Prehospital Heart Sounds
EMS providers can make a positive impact in patient outcome by taking time to acquire the skill of interpreting heart sounds.
EMS providers are generally not educated to evaluate more than gross differences in heart sounds. In fact, heart sounds are rarely included in prehospital patient assessment guidelines. In addition, fire/EMS agencies supply inexpensive stethoscopes not suited for good heart sound interpretation. In spite of these issues, EMS providers can make a positive impact in patient outcome by taking time to acquire the skill of interpreting heart sounds.
Case Study
Medic Ambulance 310 is sent to a private residence for a sick person. You are directed to a 75-year-old male sitting in a chair. His daughter, who stopped by to visit, tells you he is weak, not eating well, and she is concerned that he is not bouncing back to baseline after suffering the flu for the past few days. You have been on more than 100 flu calls in the past couple of months and recognize the familiar story.
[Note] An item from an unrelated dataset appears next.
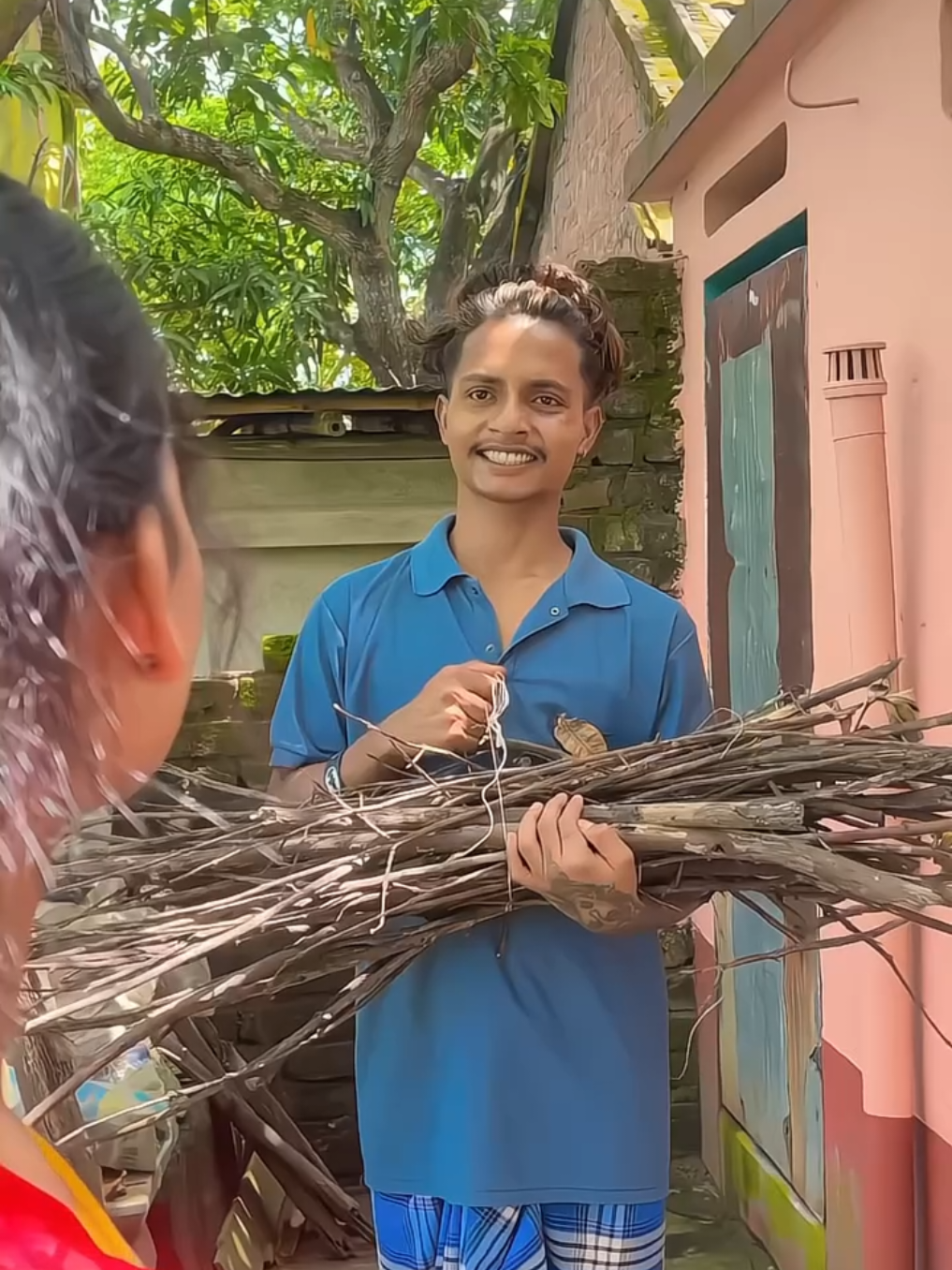 আমি হাসি না তো আমি দাঁতে  হাওয়া লাগাই 😁#sk_rahuidas07 #foryourpage #foryou #video #vairal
You approach the patient, who is alert and oriented. He adamantly tells you he doesn't want to go to the hospital, but his daughter won't leave him alone. He simply has the flu and is slow to recover. After all, he tells you, he's not 20 years old anymore. While he is weaker than normal, he says he is still able to get around, but he mentions one incident of near-syncope and some dyspnea on exertion. He now feels like he is improving and denies chest pain. Food and liquid intake are reported to be normal, with no nausea or vomiting. You see adequate food in plain view, and the apartment looks clean and orderly. The patient has a history of hypertension, with no medications and no known allergies. His last visit to a physician was over five years ago. He dislikes the whole concept of visiting doctors and avoids hospitals, particularly emergency departments, under all circumstances.
His BP is 150/92, PR 86, RR 16, PO2 97%, NSR in lead II, skin slightly pale, warm and dry. Pupils are PEARL, grips and speech are normal, with no JVD or peripheral edema.
Given the plethora of flu cases you have seen in the last two months, you agree that transport to the emergency department is not necessary, although follow-up with a physician would be a good idea considering his age and lack of recent medical care. You recommend transport to the ED and, as you expect, he still refuses transport for "a simple case of the flu." Except for that one case of near-syncope and dyspnea on exertion, which is not that typical for flu, you tend to agree with his analysis, although you are concerned about his lack of routine healthcare. Knowing he is going to wait at least six hours before getting past the triage nurse, you make one more attempt to get him to go, but he again refuses. As you are thinking "what now?" and your EMT partner is looking in your clipboard for your list of clinic referrals, you realize you were distracted by your initial conversation with the patient and his daughter and neglected to listen to his lung sounds. You listen and find them clear, with normal tidal volume. You then move to auscultate the heart and are surprised to hear a harsh crescendo systolic ejection murmur, with no radiation to the neck or axilla. You know this could be many things, but, considering his history, you begin to suspect aortic valve stenosis or hypertrophic cardiomyopathy, which would account for his symptoms beyond the simple flu. In the prehospital setting and this particular case, the exact diagnosis is not the issue. You now have evidence to convince him to go to the ED to diagnose a heart problem beyond your capability. He listens to your concern and, with the help of his daughter, your patient reluctantly consents to transport. His gait is more unsteady than he admitted as you assist him to your gurney. The patient is later diagnosed with left ventricular outflow tract obstruction and, after surgical resection of the subaortic membrane, recovery is uneventful.